The Real Cost of Too Much Government Spending

Whenever the Federal Government spends more than it collects in taxes, that difference is called the federal “deficit.” As these deficits mount up year after year, their total is called the “National Debt.” During the eight years of the Bush Presidency the national debt increased by $2.5 trillion. The 2009 budget, for which Bush and Obama must share responsibility, will add an additional $2.6 trillion in public debt. President Obama’s budget will add an additional $4.9 trillion in public debt from the beginning of 2010 through 2016. To put this in perspective, the entire US economy produces about $13 trillion a year.

Where will the federal government get this money that it doesn’t have? There are only two options to handle federal deficits; the federal government can (1) borrow the money or it can (2) print the money. Let’s briefly examine both of those options.

When deficits occur the US treasury realizes that the Congress has committed it to spend more than it will collect in tax revenues. The treasury borrows the difference by selling US bonds to American citizens, foreign governments and other investors. The US government pays interest on those bonds, competing with other borrowers for limited funds. This drives up interest rates in the US economy, which eventually causes recessions and unemployment.

Printing money (now called “quantitative easing”) occurs when the Federal Reserve System buys back from lenders US bonds or corporate tarp money debt by simply increasing the checking account balances of the lenders. By making these bookkeeping entries, the Federal Reserve System isn’t running the printing presses, but the effect is exactly the same; the government “prints” money to pay back its debts. This is the classic definition of inflation.

According to an article in the May 26, 2009 Financial Times by Stanford Economist John Taylor, under President Obama the federal debt is exploding. If it stays at the levels projected, the outcome will be devastating for our economy, threatening our republic. Click HERE to see Taylor’s article.

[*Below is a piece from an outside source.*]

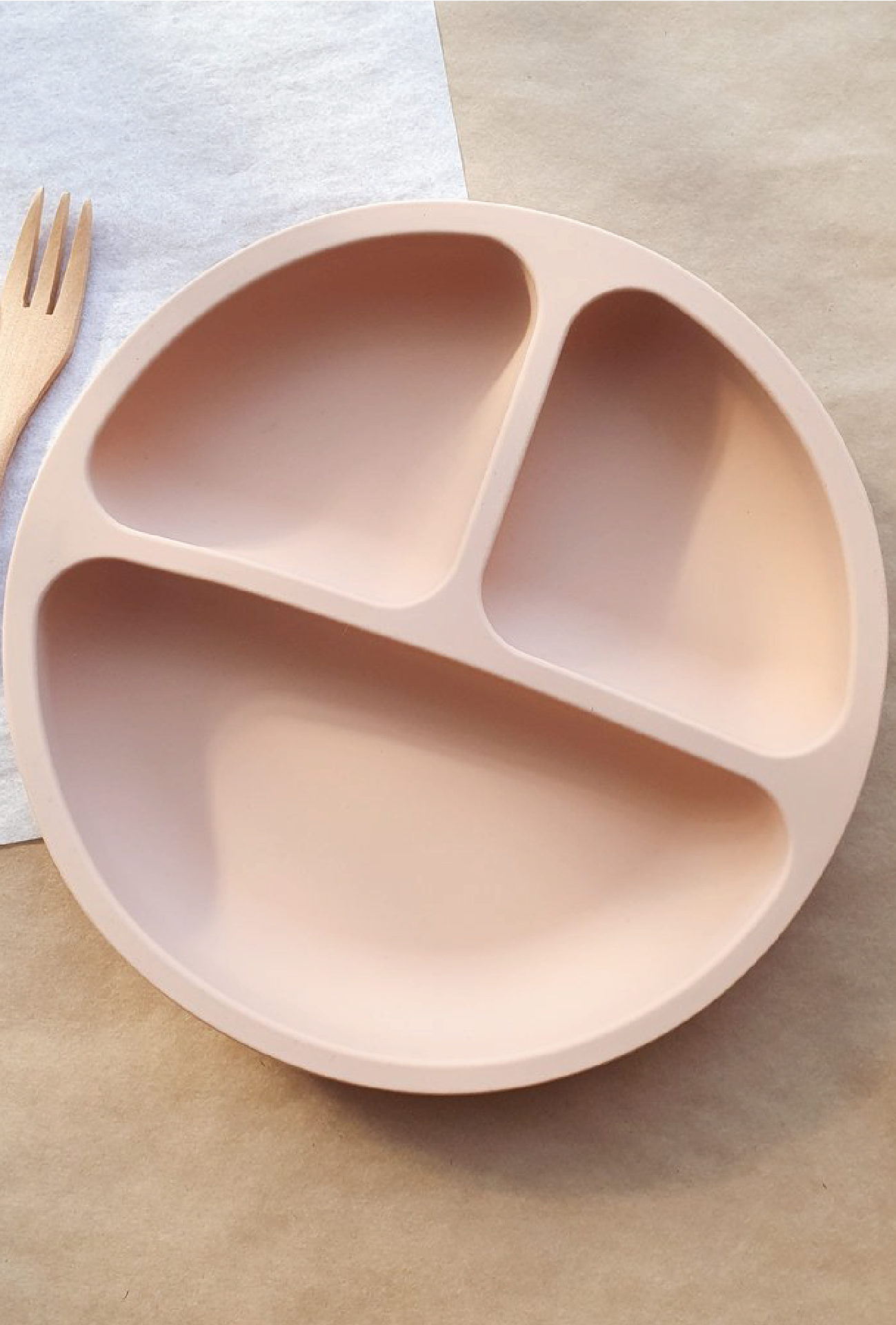 SILICONE DIVIDED PLATE // NUDE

To quote Taylor: “The deficit in 2019 is expected by the CBO to be $1,200bn (€859bn, £754bn). Income tax revenues are expected to be about $2,000bn that year, so a permanent 60 per cent across-the-board tax increase would be required to balance the budget. Clearly this will not and should not happen. So how else can debt service payments be brought down as a share of GDP?

Inflation will do it. But how much? To bring the debt-to-GDP ratio down to the same level as at the end of 2008 would take a doubling of prices. That 100 per cent increase would make nominal GDP twice as high and thus cut the debt-to-GDP ratio in half, back to 41 from 82 per cent. A 100 per cent increase in the price level means about 10 per cent inflation for 10 years. But it would not be that smooth – probably more like the great inflation of the late 1960s and 1970s with boom followed by bust and recession every three or four years, and a successively higher inflation rate after each recession.”

Wonderful; if we don’t drastically reduce the spending plans of the federal government, we’ll have the choice of a 60% tax increase or a doubling of prices. Is this the America in which you want to live?

Government spending needs to be curtailed at once before it is too late. We have become a nation of over-schooled, un-educated fools who believe that government has the answer to all of the world’s problems. We have elected people to serve us in Washington who are, simply, separated from reality.

The average person knows in his heart that no person (or government) can spend more than it produces for very long without serious consequences. Nothing can be consumed unless someone produces it. The old saying is true; there is no free lunch! It is time for citizen legislators, not professional politicians, to run the country again. We need term limits. We need balanced federal budgets. We need to stop this madness of nationalizing banks, insurance companies, and automobile companies and return to the private enterprise that made us the most prosperous country on earth. We are on a very dangerous path that, if followed much further, will lead to our fiscal and political ruin.